From July 2003 to April 2004, he was a senior consultant, from April 2004 to February 2005, he was the chief consultant of the secretariat of the Committee on Freedom of Speech and Information, Apparatus of the Verkhovna Rada of Ukraine.

From May 2003 to February 2005, he was an expert of the Public Council on Freedom of Speech and Information of the International Renaissance Foundation.

From February to September 2005, he was the head of the service of the Deputy Prime Minister of Ukraine for humanitarian and social issues.

From September 2005 to January 2011, he was the head of the Department of Humanitarian Policy, from January 2011 to January 2013, he was the director of the Department of Expertise of the Secretariat of the Cabinet of Ministers of Ukraine.
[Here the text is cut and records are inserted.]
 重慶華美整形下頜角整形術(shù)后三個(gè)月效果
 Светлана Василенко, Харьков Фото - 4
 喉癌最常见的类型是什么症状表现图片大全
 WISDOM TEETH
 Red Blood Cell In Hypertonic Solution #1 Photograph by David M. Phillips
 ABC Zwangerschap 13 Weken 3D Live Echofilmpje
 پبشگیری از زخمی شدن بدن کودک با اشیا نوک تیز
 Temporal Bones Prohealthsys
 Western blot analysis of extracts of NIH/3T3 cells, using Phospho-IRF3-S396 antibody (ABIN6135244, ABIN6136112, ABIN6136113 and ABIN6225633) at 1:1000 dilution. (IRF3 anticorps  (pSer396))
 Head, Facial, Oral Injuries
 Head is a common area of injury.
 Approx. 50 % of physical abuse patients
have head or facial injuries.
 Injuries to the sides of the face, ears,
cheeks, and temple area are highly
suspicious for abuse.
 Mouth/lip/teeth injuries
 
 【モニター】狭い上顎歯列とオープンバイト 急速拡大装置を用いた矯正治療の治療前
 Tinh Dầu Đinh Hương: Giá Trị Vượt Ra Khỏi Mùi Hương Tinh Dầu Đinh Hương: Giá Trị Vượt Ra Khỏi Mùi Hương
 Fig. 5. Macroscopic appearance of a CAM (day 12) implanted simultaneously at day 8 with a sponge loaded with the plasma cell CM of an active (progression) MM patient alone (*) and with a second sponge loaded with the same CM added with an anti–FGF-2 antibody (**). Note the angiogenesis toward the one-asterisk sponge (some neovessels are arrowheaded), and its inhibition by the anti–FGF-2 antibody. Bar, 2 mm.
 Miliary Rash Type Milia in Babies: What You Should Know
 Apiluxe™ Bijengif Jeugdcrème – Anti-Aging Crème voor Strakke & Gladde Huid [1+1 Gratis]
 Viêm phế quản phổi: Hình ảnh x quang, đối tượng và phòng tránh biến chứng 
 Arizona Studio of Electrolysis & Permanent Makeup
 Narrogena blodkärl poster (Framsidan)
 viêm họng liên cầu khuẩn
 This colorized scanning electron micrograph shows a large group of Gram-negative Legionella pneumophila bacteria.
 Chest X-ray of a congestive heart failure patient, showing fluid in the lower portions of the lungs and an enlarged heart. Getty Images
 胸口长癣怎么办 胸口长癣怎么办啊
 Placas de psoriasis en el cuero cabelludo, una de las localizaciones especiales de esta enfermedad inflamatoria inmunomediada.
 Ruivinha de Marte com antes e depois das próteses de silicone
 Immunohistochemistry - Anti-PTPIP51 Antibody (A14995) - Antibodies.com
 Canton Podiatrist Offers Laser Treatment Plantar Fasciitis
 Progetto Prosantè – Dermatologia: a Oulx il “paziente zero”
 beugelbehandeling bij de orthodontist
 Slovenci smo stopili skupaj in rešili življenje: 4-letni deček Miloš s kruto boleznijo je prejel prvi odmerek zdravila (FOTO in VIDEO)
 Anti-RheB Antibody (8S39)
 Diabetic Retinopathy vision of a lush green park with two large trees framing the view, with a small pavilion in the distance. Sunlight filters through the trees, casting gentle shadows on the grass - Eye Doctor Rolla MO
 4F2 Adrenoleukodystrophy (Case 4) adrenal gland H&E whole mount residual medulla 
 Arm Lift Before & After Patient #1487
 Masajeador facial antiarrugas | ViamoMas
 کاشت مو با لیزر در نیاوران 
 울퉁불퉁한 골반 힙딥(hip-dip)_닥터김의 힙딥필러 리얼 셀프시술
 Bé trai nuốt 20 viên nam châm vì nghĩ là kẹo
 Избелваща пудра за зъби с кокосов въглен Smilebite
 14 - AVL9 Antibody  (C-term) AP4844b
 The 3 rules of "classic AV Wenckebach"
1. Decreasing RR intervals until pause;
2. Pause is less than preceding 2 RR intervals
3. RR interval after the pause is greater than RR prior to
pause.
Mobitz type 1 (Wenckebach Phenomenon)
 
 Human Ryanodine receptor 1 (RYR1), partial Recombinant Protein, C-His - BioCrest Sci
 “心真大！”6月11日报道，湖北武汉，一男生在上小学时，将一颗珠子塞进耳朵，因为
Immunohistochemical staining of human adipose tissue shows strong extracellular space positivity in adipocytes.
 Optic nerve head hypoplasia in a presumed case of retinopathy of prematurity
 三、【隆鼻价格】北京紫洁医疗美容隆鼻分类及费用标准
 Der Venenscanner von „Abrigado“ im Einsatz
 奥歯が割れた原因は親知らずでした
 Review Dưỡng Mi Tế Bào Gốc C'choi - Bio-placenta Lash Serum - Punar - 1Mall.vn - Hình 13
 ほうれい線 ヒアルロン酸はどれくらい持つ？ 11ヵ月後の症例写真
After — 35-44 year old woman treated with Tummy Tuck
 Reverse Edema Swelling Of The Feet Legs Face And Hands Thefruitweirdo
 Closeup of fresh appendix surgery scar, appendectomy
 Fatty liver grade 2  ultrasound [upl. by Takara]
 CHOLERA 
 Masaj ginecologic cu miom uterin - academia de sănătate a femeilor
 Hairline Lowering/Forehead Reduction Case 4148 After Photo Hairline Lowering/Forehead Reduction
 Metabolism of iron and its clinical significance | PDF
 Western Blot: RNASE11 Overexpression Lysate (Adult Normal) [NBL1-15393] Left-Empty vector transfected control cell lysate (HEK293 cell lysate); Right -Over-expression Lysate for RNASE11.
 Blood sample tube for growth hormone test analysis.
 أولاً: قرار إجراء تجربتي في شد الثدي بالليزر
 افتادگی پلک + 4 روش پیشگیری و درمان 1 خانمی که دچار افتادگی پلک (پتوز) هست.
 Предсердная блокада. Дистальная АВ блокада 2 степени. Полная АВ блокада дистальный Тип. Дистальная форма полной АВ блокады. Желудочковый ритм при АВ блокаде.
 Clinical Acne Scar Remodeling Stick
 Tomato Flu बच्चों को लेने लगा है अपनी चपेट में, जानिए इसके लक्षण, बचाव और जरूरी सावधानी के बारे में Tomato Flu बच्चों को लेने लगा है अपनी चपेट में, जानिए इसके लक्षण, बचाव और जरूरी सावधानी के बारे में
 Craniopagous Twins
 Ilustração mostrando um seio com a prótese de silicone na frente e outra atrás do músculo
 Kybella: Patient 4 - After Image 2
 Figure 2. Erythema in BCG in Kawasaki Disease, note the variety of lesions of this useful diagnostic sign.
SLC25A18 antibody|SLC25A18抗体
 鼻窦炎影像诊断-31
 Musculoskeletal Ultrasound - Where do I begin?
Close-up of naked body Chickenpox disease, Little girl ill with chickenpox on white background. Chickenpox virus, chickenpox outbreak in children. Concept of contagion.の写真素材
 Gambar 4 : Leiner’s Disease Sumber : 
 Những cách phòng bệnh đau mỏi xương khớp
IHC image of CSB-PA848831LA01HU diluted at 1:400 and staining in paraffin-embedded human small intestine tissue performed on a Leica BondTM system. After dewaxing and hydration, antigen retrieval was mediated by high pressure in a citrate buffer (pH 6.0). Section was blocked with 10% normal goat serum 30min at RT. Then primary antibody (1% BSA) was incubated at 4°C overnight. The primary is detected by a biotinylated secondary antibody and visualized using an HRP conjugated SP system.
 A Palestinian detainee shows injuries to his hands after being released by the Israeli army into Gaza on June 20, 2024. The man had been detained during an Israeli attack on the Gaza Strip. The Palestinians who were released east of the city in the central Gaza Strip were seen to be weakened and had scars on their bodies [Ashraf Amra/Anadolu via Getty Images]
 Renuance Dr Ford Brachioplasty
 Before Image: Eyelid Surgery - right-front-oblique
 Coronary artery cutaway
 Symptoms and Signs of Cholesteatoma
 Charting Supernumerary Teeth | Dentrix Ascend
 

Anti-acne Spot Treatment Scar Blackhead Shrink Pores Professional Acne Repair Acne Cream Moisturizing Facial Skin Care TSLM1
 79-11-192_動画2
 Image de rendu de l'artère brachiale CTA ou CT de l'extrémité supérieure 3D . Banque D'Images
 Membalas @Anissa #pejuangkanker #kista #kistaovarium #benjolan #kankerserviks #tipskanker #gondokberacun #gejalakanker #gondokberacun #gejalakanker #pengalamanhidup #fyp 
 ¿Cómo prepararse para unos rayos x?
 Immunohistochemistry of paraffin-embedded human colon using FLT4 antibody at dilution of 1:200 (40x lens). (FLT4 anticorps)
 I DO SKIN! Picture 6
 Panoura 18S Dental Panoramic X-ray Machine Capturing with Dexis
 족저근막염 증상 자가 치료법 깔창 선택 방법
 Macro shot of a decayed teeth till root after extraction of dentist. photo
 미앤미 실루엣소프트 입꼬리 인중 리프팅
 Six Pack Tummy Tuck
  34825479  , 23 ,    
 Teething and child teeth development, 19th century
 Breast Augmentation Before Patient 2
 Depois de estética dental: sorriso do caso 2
From January to April 2013, he was Deputy Minister — Chief of Staff of the Ministry of Education and Science, Youth and Sports of Ukraine. From April 2013 to February 2015, he was the Deputy Minister — Chief of Staff of the Ministry of Education and Science of Ukraine.

From February 2015 to April 2016, he was the Deputy Head of the Administration of the President of Ukraine.

From April 2016 to July 2021, he was the head of the Administration Apparatus (Office) of the President of Ukraine.

From July 2021 to March 2024, he was the Deputy Head of the Office of the President of Ukraine. He was replaced by Olena Kovalska.

== State activity ==

Oleksii Dniprov is the head of the Commission under the President of Ukraine on citizenship issues (since August 12, 2019).

He is the deputy chairman of the State Awards and Heraldry Commission (since August 13, 2019).

He is the head of the Commission under the President of Ukraine on pardons (since August 21, 2019).

== Awards ==

He is a Recipient of the Honorary Diploma of the Cabinet of Ministers of Ukraine (December 2009).

In June 2012, Oleksii Dniprov received the Order of Merit III degree.